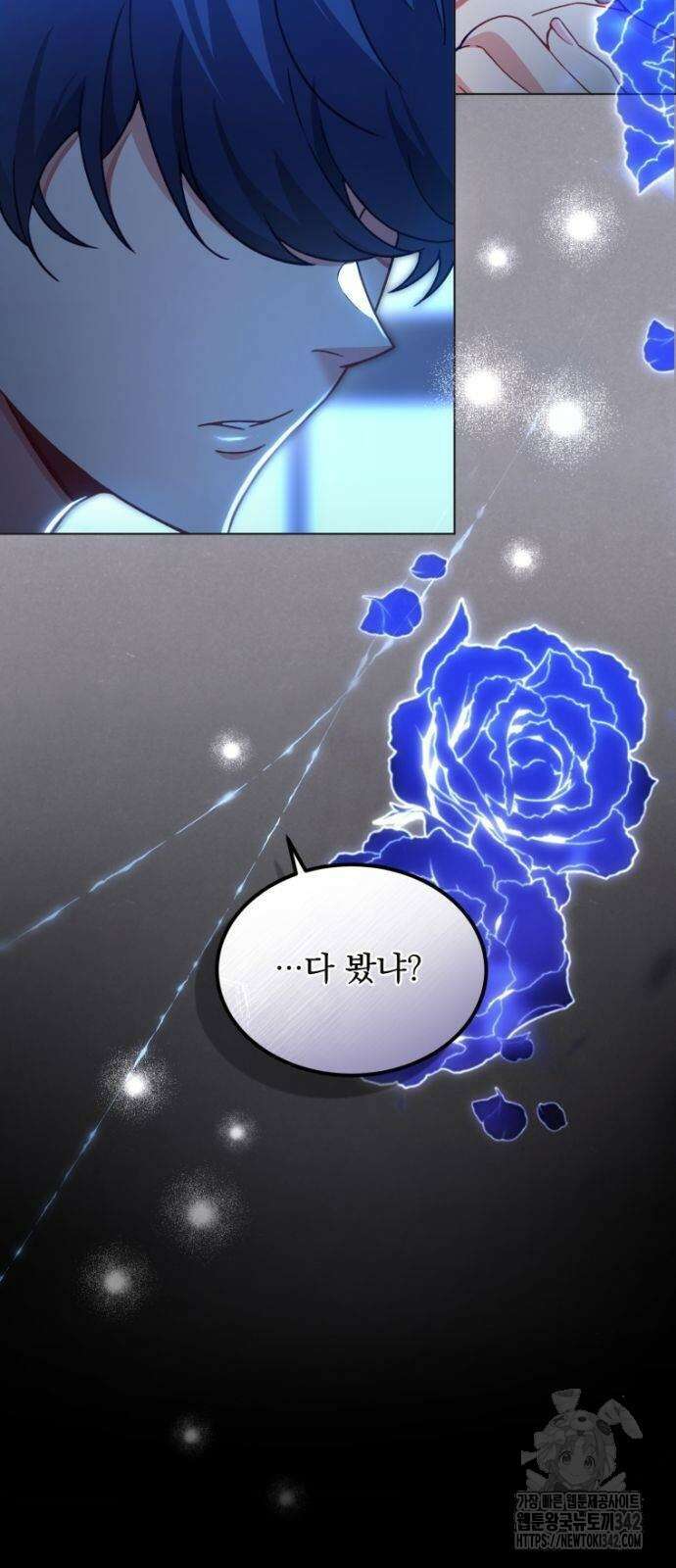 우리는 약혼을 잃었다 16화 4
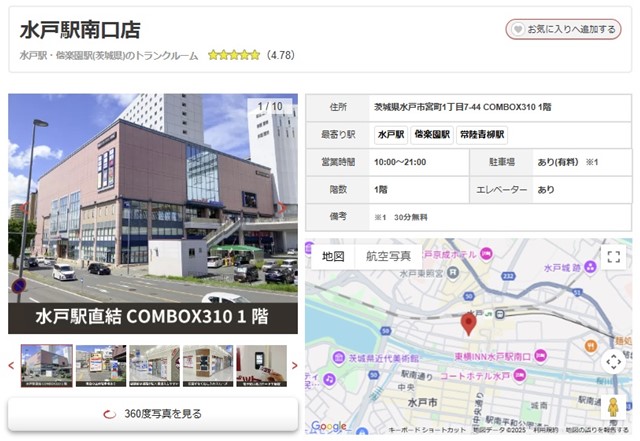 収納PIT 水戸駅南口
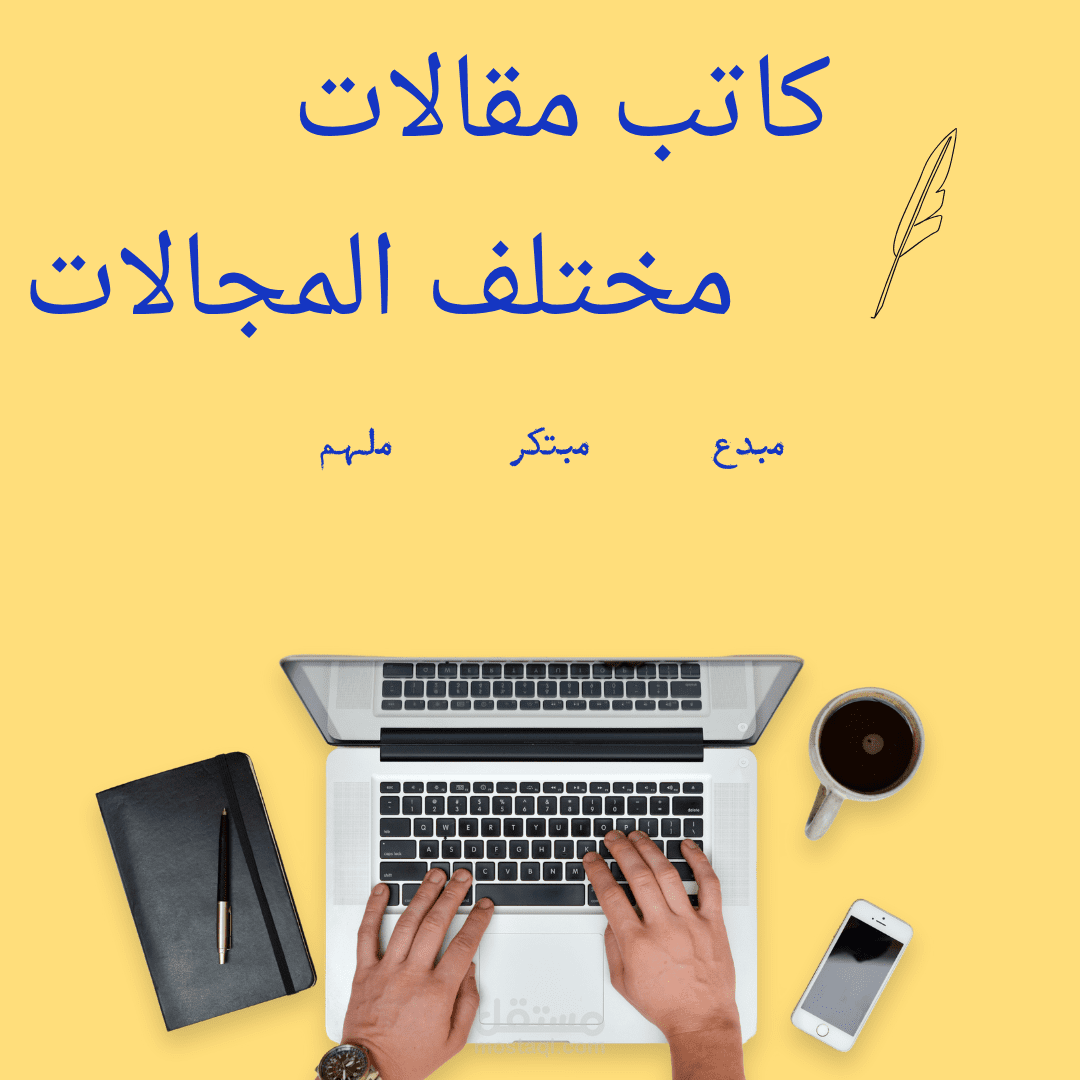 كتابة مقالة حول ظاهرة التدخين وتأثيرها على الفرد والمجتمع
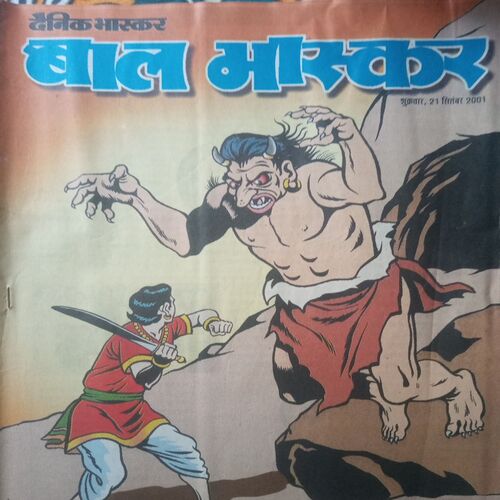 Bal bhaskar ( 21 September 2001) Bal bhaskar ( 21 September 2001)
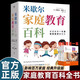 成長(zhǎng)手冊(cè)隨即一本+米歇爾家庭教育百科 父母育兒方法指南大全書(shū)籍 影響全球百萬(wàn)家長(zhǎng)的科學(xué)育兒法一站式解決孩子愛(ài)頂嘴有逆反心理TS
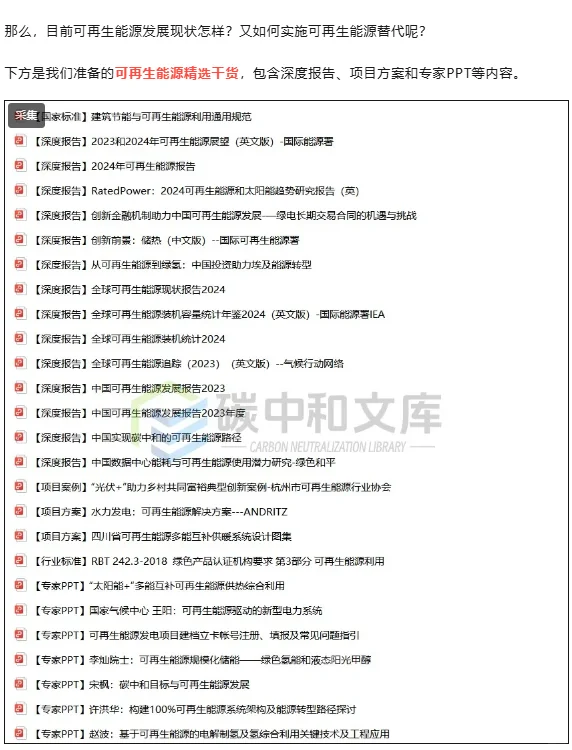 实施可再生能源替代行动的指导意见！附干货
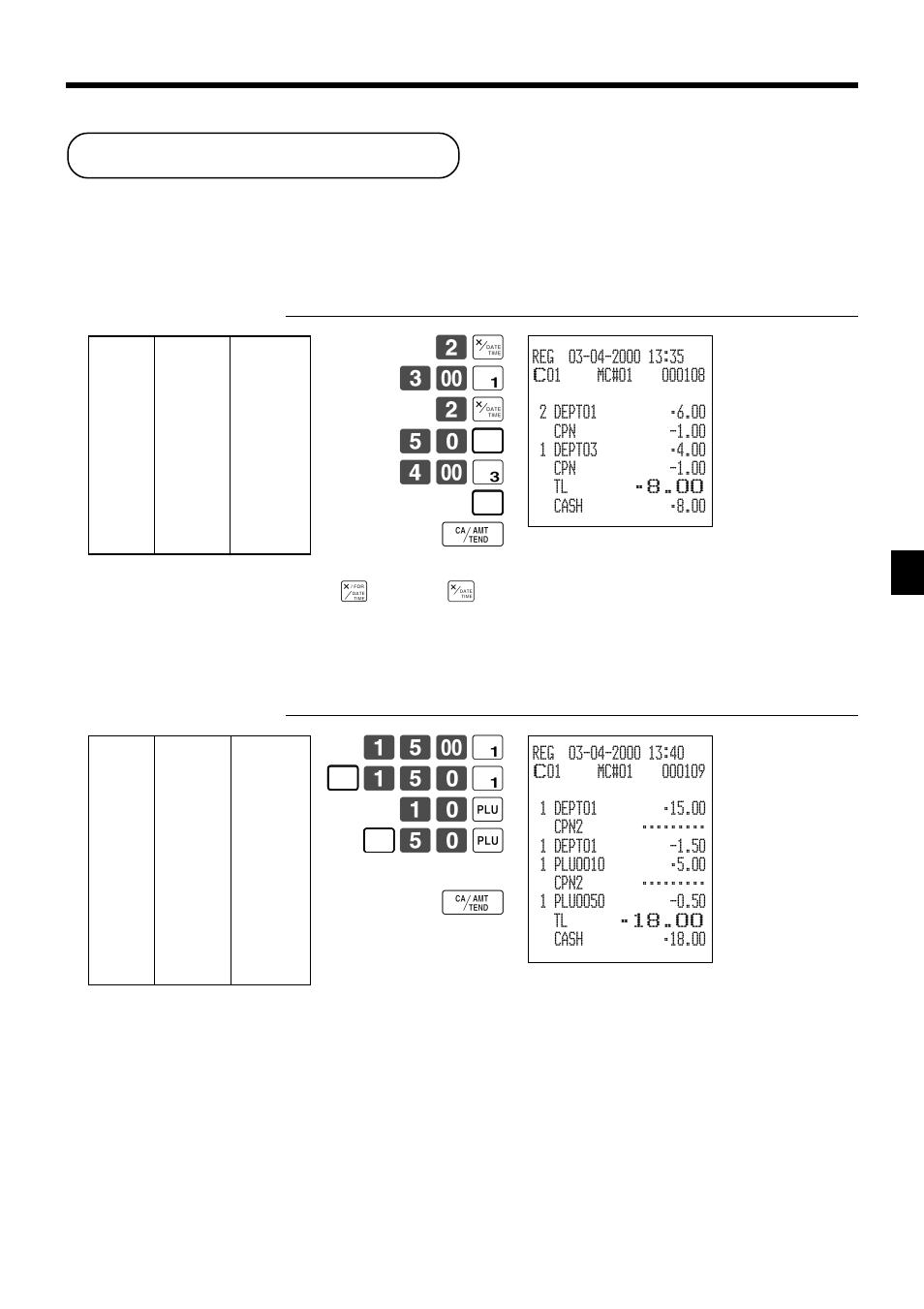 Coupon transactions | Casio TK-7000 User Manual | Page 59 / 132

▶ Task requirements: Could you copy all of the entries above exactly, without the pictures?

▶ Worked solution:
 우리는 약혼을 잃었다 16화 4
 収納PIT 水戸駅南口
 كتابة مقالة حول ظاهرة التدخين وتأثيرها على الفرد والمجتمع
 Bal bhaskar ( 21 September 2001) Bal bhaskar ( 21 September 2001)
 成長(zhǎng)手冊(cè)隨即一本+米歇爾家庭教育百科 父母育兒方法指南大全書(shū)籍 影響全球百萬(wàn)家長(zhǎng)的科學(xué)育兒法一站式解決孩子愛(ài)頂嘴有逆反心理TS
 实施可再生能源替代行动的指导意见！附干货
 Coupon transactions | Casio TK-7000 User Manual | Page 59 / 132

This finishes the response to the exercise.